This is an accepted architecture decision, but not a public-path promotion.

Consequences¶

the repo now has a real Shapefile ingest seam that stops before GeoDataFrame materialization
geometry and attributes can be benchmarked separately
downstream GPU work can consume owned buffers directly from Shapefile reads
the current public path remains on pyogrio because the end-to-end owned batch path is still slower on this machine

Alternatives Considered¶

leave Shapefile entirely behind a pyogrio GeoDataFrame adapter
materialize Shapely geometries first and convert to owned buffers later
treat the current owned path as “good enough” and promote it despite slower measured throughput

Acceptance Notes¶

Measured local results:

point-heavy Shapefile at 10K rows:
- pyogrio.read_dataframe: about 1.18M rows/s
- pyogrio.read_arrow container parse: about 3.97M rows/s
- repo-owned native WKB decode only: about 1.65M rows/s
- full owned batch ingest: about 925K rows/s
point-heavy Shapefile at 100K rows after the raw Arrow-binary point fast path:
- pyogrio.read_dataframe: about 1.25M rows/s
- pyogrio.read_arrow container parse: about 4.41M rows/s
- repo-owned native WKB decode only: about 1.56M rows/s
- full owned batch ingest: about 4.10M rows/s
point-heavy Shapefile at 1M rows:
- pyogrio.read_dataframe: about 1.12M rows/s
- pyogrio.read_arrow container parse: about 4.48M rows/s
- repo-owned native WKB decode only: about 1.43M rows/s
- full owned batch ingest: about 4.08M rows/s
line-heavy Shapefile at 10K rows:
- pyogrio.read_dataframe: about 1.10M rows/s
- pyogrio.read_arrow container parse: about 3.32M rows/s
- repo-owned native WKB decode only: about 611K rows/s
- full owned batch ingest: about 3.20M rows/s
line-heavy Shapefile at 1M rows:
- pyogrio.read_dataframe: about 1.02M rows/s
- pyogrio.read_arrow container parse: about 3.73M rows/s
- repo-owned native WKB decode only: about 617K rows/s
- full owned batch ingest: about 3.40M rows/s
polygon-heavy Shapefile at 5K rows:
- pyogrio.read_dataframe: about 858K rows/s
- pyogrio.read_arrow container parse: about 2.37M rows/s
- repo-owned native WKB decode only: about 502K rows/s
- full owned batch ingest: about 2.29M rows/s
polygon-heavy Shapefile at 250K rows:
- pyogrio.read_dataframe: about 893K rows/s
- pyogrio.read_arrow container parse: about 2.51M rows/s
- repo-owned native WKB decode only: about 452K rows/s
- full owned batch ingest: about 2.24M rows/s

These numbers close the decision.

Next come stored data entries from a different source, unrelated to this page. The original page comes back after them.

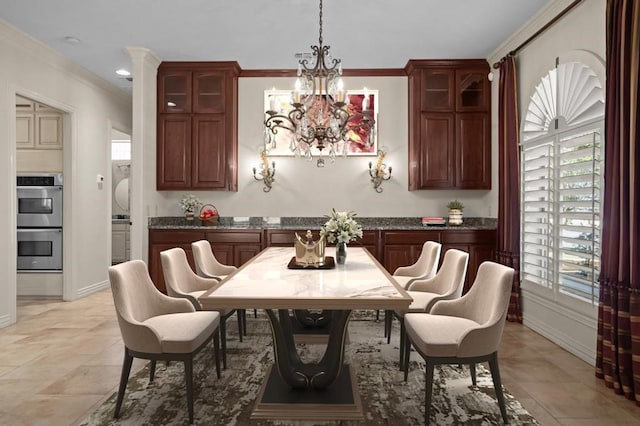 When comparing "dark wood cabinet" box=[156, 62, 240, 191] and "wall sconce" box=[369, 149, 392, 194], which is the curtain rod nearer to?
"wall sconce" box=[369, 149, 392, 194]

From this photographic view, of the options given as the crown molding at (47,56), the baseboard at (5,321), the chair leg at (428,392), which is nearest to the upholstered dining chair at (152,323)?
the chair leg at (428,392)

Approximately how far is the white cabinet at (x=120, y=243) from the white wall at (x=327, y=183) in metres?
2.76

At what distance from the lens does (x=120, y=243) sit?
7852mm

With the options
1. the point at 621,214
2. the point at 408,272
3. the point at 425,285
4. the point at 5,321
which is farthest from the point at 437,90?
the point at 5,321

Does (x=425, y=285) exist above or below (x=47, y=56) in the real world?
below

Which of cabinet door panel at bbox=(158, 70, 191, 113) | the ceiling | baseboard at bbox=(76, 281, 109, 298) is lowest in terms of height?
baseboard at bbox=(76, 281, 109, 298)

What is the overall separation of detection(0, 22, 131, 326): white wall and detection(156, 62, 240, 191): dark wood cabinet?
104 centimetres

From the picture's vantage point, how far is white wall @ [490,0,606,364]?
10.4ft

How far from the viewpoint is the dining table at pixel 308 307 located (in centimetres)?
187

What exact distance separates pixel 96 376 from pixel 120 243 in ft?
17.8

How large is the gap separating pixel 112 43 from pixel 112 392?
3718mm

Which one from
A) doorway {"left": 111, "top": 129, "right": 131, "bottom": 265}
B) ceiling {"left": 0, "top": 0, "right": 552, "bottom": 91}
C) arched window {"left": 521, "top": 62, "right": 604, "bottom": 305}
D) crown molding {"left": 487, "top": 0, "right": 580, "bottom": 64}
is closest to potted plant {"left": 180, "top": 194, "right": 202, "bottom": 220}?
ceiling {"left": 0, "top": 0, "right": 552, "bottom": 91}

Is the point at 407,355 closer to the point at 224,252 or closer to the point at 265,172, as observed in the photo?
the point at 224,252

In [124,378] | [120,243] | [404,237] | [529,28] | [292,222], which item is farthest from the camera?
[120,243] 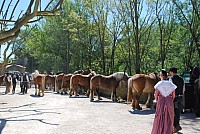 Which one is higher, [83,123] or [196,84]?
[196,84]

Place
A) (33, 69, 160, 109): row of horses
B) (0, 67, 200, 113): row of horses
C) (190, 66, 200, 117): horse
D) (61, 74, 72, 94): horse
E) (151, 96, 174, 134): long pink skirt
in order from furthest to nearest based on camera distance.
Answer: (61, 74, 72, 94): horse, (33, 69, 160, 109): row of horses, (0, 67, 200, 113): row of horses, (190, 66, 200, 117): horse, (151, 96, 174, 134): long pink skirt

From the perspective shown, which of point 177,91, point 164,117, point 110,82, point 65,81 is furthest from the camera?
point 65,81

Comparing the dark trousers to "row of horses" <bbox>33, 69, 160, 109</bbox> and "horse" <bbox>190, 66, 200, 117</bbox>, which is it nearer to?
"horse" <bbox>190, 66, 200, 117</bbox>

The published floors were:

>= 1.5x over the current host baseline for point-heavy and line-heavy ingest at 1M rows
>= 1.1x over the current host baseline for polygon-heavy ingest at 250K rows

The implemented path clears those floors comfortably:

points: about 3.63x
lines: about 3.32x
polygons: about 2.51x

The remaining ceiling is now outside per-feature decode. Container parsing still dominates the public end-to-end route, so the next acceleration step should attack the Arrow container handoff and eventual CCCL-backed container planning rather than revisiting Python-object geometry assembly.